Last year Armstrong earned few friends as the saga with Alberto Contador unfolded amid a welter of catty Twitter messages. This year Floyd Landis's email barrage and the ensuing federal inquiry have thickened the plot again. But bizarrely, if Armstrong plays his cards right in the next few days, he could leave the sport as he would wish to.

The Texan has crashed more times this year than in all his seven victorious Tours put together. He has lost oodles of time (a technical term). When he climbs, his legs now rotate at the speed of a windmill rather than an electric whisk. Let's not say it too loud but he looks old. On Tuesday's second Alpine stage he was well back from the leaders. He looks human, vulnerable. And that's the point. Human is what the French public has always liked.

For over 40 years, the French have had a tendency to prefer unlucky cyclists with a human side to efficient winners who sweep all before them. That dates back to the days of Raymond Poulidor, still the most popular figure on the Tour de France, still the most sought-after autograph in the morning at the village départ.

Poulidor, famously, never wore the yellow jersey but in the race for the hearts of the public he outstripped the more clinical Jacques Anquetil, who won the Tour five times. Anquetil was reduced to stunts such as taking on the motorpaced Bordeaux-Paris marathon a few hours after finishing the Dauphiné Libéré stage race in order to win hearts and minds, but was never loved in the way that "Poupou" still is.

It was the same with Eddy Merckx, the same with Miguel Indurain and it has been the same with Lance Armstrong since his first Tour win in 1999. There have been doubts about the Texan's alleged use of banned drugs – always hotly denied by him and never proven – leading to shouts of "dopé" from the roadside but the claims against him were not at the root of the French public's lack of love for Lance.

Nor was it due to the way he bullied Filippo Simeoni out of a possible stage win in 2004. It wasn't even the fact that he jokingly called the French football team "assholes" in 2006 (after recent events that might even strike a chord with the homme dans la rue). By then the damage had been done and it boiled down to one thing: the Texan was simply too successful, too dominant.

Apart from the 2003 Tour, where he struggled due to the heat and a crash, all his victories were surgical strikes rather than guerrilla warfare. It was powerfully, efficiently, meticulously done but once admiration for his return from life-threatening cancer had faded into the background, it all lacked romance. And romance in cycling means one thing: having a horrible time on the bike but smiling as it happens.

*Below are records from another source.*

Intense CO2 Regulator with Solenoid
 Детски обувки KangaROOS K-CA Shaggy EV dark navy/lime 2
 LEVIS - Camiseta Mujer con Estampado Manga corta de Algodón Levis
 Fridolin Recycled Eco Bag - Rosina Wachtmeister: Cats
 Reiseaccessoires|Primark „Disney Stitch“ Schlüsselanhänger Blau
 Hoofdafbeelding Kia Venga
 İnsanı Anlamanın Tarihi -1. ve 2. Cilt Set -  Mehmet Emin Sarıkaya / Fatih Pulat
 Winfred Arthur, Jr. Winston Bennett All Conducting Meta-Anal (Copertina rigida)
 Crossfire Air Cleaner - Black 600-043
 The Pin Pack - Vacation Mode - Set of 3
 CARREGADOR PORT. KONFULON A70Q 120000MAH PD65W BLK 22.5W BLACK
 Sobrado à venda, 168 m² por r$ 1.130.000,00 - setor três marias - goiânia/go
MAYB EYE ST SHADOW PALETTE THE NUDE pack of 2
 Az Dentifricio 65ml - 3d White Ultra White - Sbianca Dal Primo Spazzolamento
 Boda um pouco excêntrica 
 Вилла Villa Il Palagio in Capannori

So here is what Armstrong has to do in the next few days. Work selflessly for Levi Leipheimer. Ferry a few bottles up and down the bunch for the television cameras. Attempt the odd coup de panache worthy of an ageing champion. Smile for the photographers, if possible dandling his son on his knee, or if no child of his own is available, someone else's. Bring out the broken French he produced in 2004. If he sees a dog or a black cat running across the road, aim for it. Lance Armstrong the new Raymond Poulidor? You read it here first.